The price of benchmark Brent North Sea crude oil for April delivery lost 21 cents a barrel to $33.48 in early trading.
In New York, the benchmark light sweet crude April-dated futures contract shed 51 cents to $37.27 a barrel on Monday.
Prices eased back after France and Russia gave notice they would veto any UN resolution authorising war with Iraq.
The first signs of discord meanwhile surfaced between the United States and Britain over the question of testing Iraqi compliance with UN resolutions.
Analysts said that the market was beginning to doubt whether war is as imminent as had been believed.
"While a week ago everybody was saying that there was going to be military action on March 18, it now appears that Blair and Bush are failing to get support, particularly from the French and the Russians, and (March) 18 may not be the start of the conflict," said Barclays Capital analyst Orrin Middleton.
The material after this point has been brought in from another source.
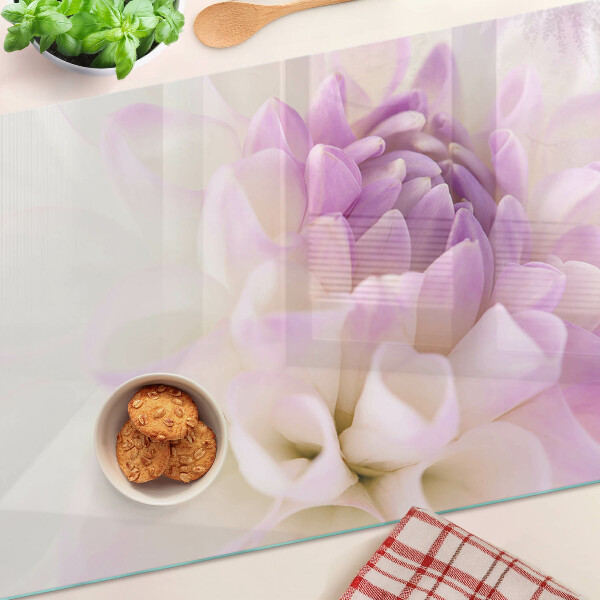 Snijplanken van glas Een bloemstuk in paarse tinten.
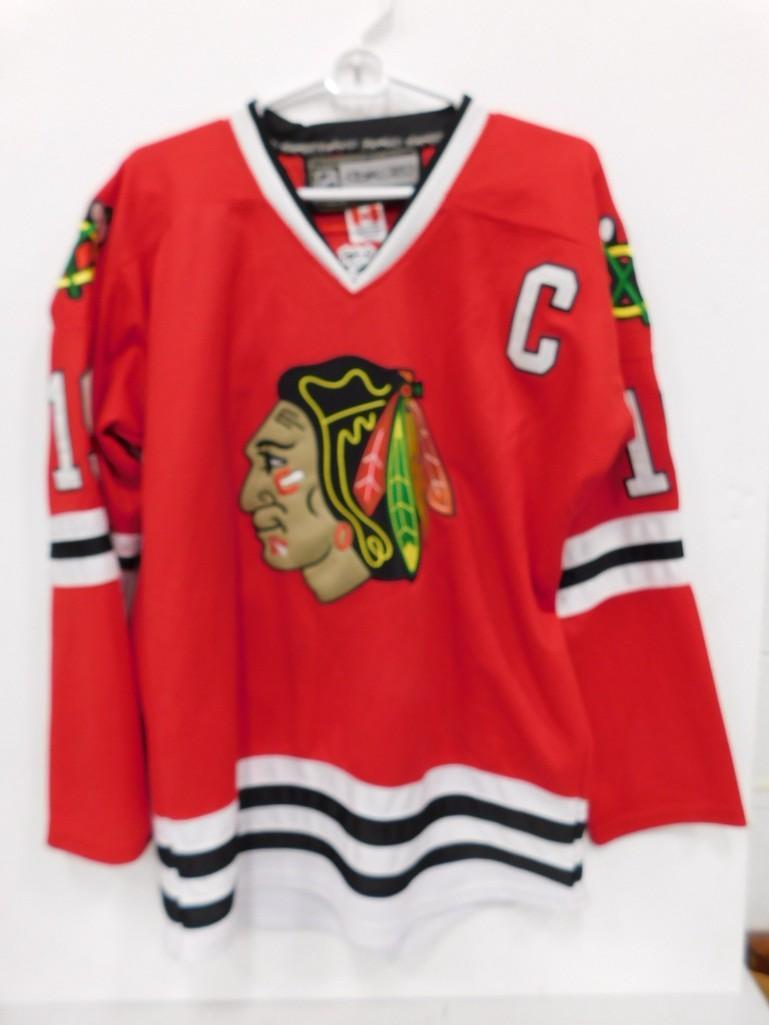 Jonathan Toews #19 Chicago Blackhawks Hockey Jersey Reebok Size #48: Jonathan Toews #19 Chicago Blackhawks Hockey Jersey Reebok Size #48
Oil ministers from members of the Organisation of Petroleum Exporting Countries (Opec) meeting in Vienna to discuss what action to take in the event of war meanwhile sought to calm nervous markets.
Opec kingpin Saudi Arabia said global oil markets had adequate supplies and pledged the 11-member cartel would ensure demand was met.
"There is enough oil on the market and we will make sure there is enough," Saudi Oil Minister Ali al-Nuaimi told reporters ahead of the Opec meeting.
Opec President Abdullah bin Hamad al-Attiyah of Qatar also said OPEC ministers “don't feel there is a shortage in the market."
The cartel was thus expected to maintain its overall output ceiling of 24.5 million barrels per day, extending a 6.5% increase introduced at the start of February to compensate for disruption to supplies from strike-hit Venezuela.
Dresdner Kleinwort Wasserstein analyst Paul Spedding said that although Opec ministers might discuss a suspension of output quotas behind closed doors, they would probably put the plan on hold and examine it again in the event of war.
He also agreed with their remarks that there is enough supply for the second quarter, when demand usually tails off as spring arrives in the northern hemisphere, though oil companies also use the period to rebuild stocks.
"I think that Saudi Arabia has probably now made up sufficiently to account for the shortfall in Venezuela," he said.
"So I think the market is now getting the amount of Opec crude it needs and for choice I would say that going through March it's probably getting more than it needs," he added.